Она уже открыла рот, чтобы ответить ему резко и категорично, защищая себя, но сдержалась. В двадцать восемь лет она не обязана отчитываться перед отцом в своей личной жизни или подыскивать себе оправдания. Но все равно Мэри невыносимо больно было слышать, что отец сомневается в ее дочерней преданности.

– Я сделаю все, что могу, чтобы спасти для тебя ранчо. И, мне кажется, несправедливо с твоей стороны предполагать, что кто-то мог повлиять на меня, заставить меня отказаться от того, для чего я сюда приехала, или думать, что я стараюсь не в полную силу...

– Я не имел в виду, что ты можешь отказаться.
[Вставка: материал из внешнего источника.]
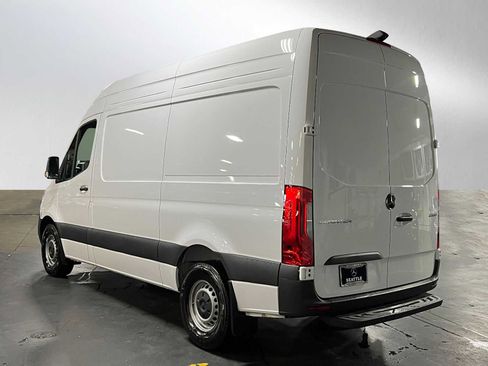 Used 2025 Mercedes-Benz Sprinter 2500 image 5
Я просто не могу слышать, как ты защищаешь человека, который собирается отнять у меня все.

Недели утомительного труда и нервного напряжения не прошли для Мэри даром. Она почувствовала, что не в силах больше сдерживаться.

– Как ты можешь говорить, что у тебя собираются отнять ранчо, когда это именно ты, и никто иной, позволил, чтобы на ранчо все развалилось и пришло в такое ужасное состояние!

Она тут же пожалела о своих словах, но вернуть их было уже невозможно. Отец резко дернулся на стуле, отвернулся от нее и уставился в стену.

– Наверное, я это заслужил, – произнес он тяжело. Он попытался встать, но костыли неловко скользили по линолеуму.

– Папа, подожди, дай я. – Она кинулась к нему, чтобы помочь, но он, не глядя на нее, махнул рукой.

– Я хочу побыть один. – Ему удалось наконец подняться. – Я буду у себя.

С тяжелым сердцем Мэри глядела ему вслед. Она перемыла тарелки, привела кухню в порядок, но внутреннее напряжение, томившее ее, не ослабевало и требовало выхода. Внезапно ей пришел на ум пруд. Она не была там со дня своего приезда. Искупаться сейчас было бы райским блаженством после такого душного дня.